At least two of the stories could be seen as horror fiction. “Let Us Quickly Hasten to the Gate of Ivory” uses a basic situation we see in another Disch short story — “Descending”, not collected here. Quite simply, what happens when one can’t find one’s way out of what is supposed to be a finite space, in this case the graveyard where a brother and sister have gone to lay flowers at their parents’ grave. It’s a dandy and deceptively tricky story. Frankly, I have no idea what’s really going on. “The Alien Shore”, a novella of perhaps 15,000 words, is the masterpiece of the collection, a subtle and ultimately really disturbing tale of alienation, failure and the nature of reality. It’s also a Grade-A mindfuck. This is pretty much as good as a collection of short stories gets. Highly recommended.

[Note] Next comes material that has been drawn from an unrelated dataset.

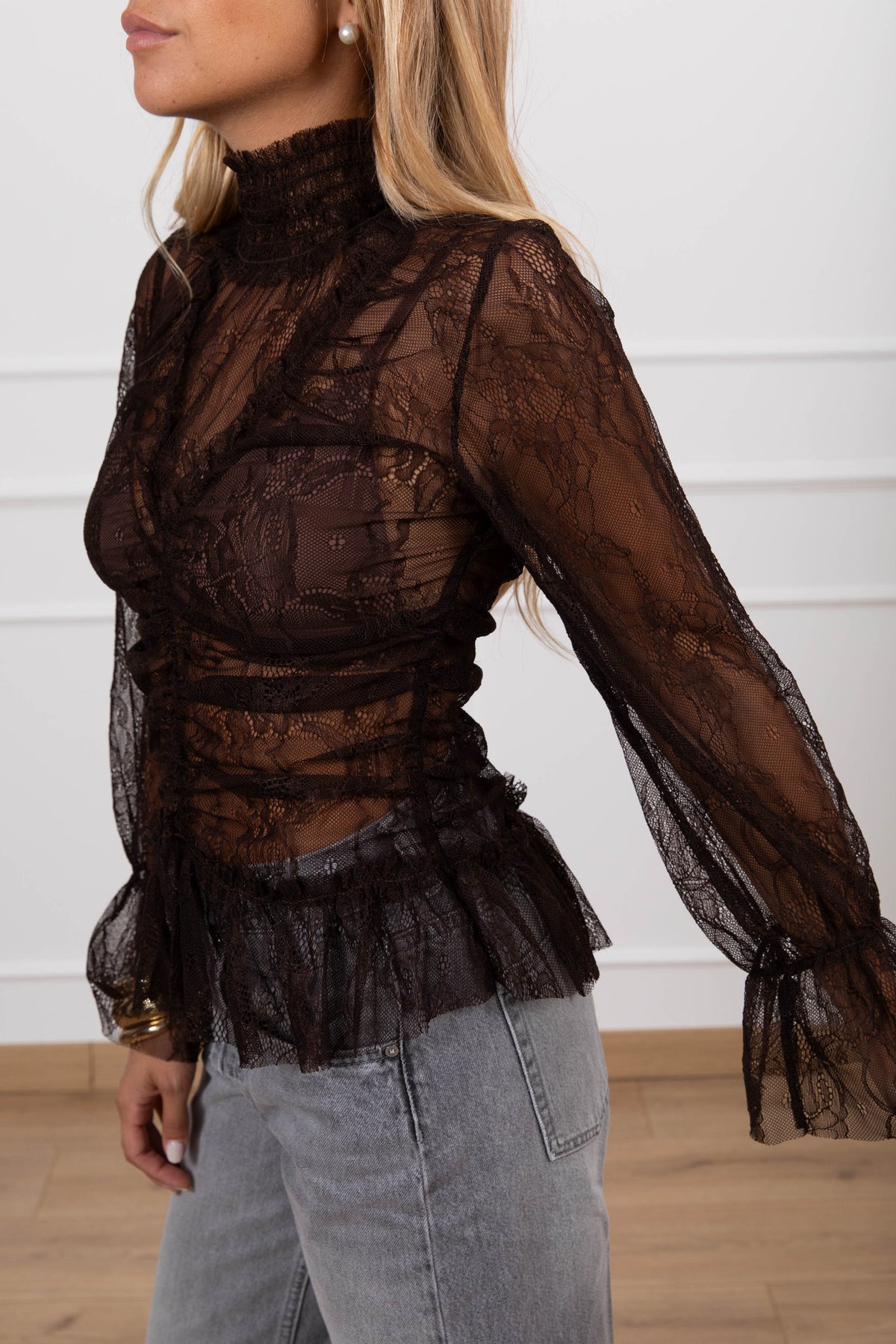 Blusa in pizzo variante moro Susy Mix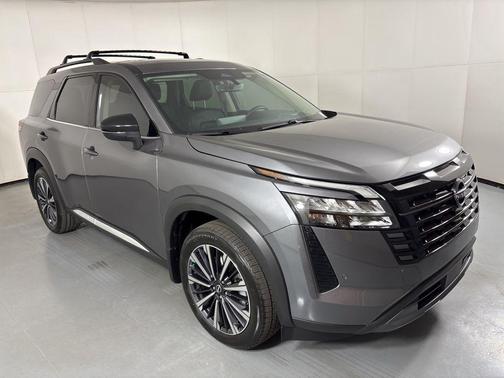Gun Metallic 2026 Nissan Pathfinder Platinum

The Businessman: A Tale of Terror by Thomas Disch (1984): Disch produced a quartet of novels in the 1980’s and eary 1990’s that were marketed as horror (they’ll return to print in August 2010, so mark your calendar). The Businessman was first, set at the dawn of the Reagan era. In it, the businessman of the title murders his wife Gisele and gets away with it until her ghost finally frees itself from its grave and begins trying to torment him.
Is it horror? Well, sort of. Horror elements abound (ghosts, a murderous husband, seances, ouija boards, psychic readings and a demonic possessing entity chief among them), as do horrific moments. However, so too do lyric moments, meditations on life and death, domestic comedy, farce, and the tragicomic presence of the ghost of the (real) poet John Berryman, who wanders the Earth as a ghost still bearing the injuries of his successful suicide, dying for a stiff drink or three.
Disch’s book review columns for Twilight Zone magazine in the early 1980’s repeatedly demonstrated that Disch had no time for certain horror-genre tropes (or most writers, for that matter — Disch was an entertaining reviewer, but he was also a quintessential Mr. Grumpypants). The novel certainly takes the piss out of a lot of things — ghosts and seances chief among them — while managing to horrify at points even as it satirizes. For instance, stupid people make the best conduits for spiritual communication, we discover, while the purgatorial dyslexia inflicted upon Berryman’s ghost makes his communications as seances pretty much completely nonsensical.
The most striking creation here is the afterlife, or at least the small portion of it that we see. See, there’s what amounts to a greeting area, complete with recovery rooms where newly dead souls get used to their material deadness. The whole thing depends pretty much on the expectations of the dead person and the other souls he or she is dealing with, so that when Gisele’s staunchly middle-American, middle-class Catholic mother arrives in first stage of the afterlife, she pretty much sees it as a cross between a hospital and a hotel. Some souls move rapidly on to the less corporeally oriented levels of heaven; some stick around in the waiting area for awhile; some are doomed to roam the Earth for one reason or another. Jesus makes a cameo, wearing a Salvation Army officer’s uniform, flying in a dirigible. The gateway to heaven rests inside a potholder. It is, all in all, a wild and genre-busting ride. Highly recommended.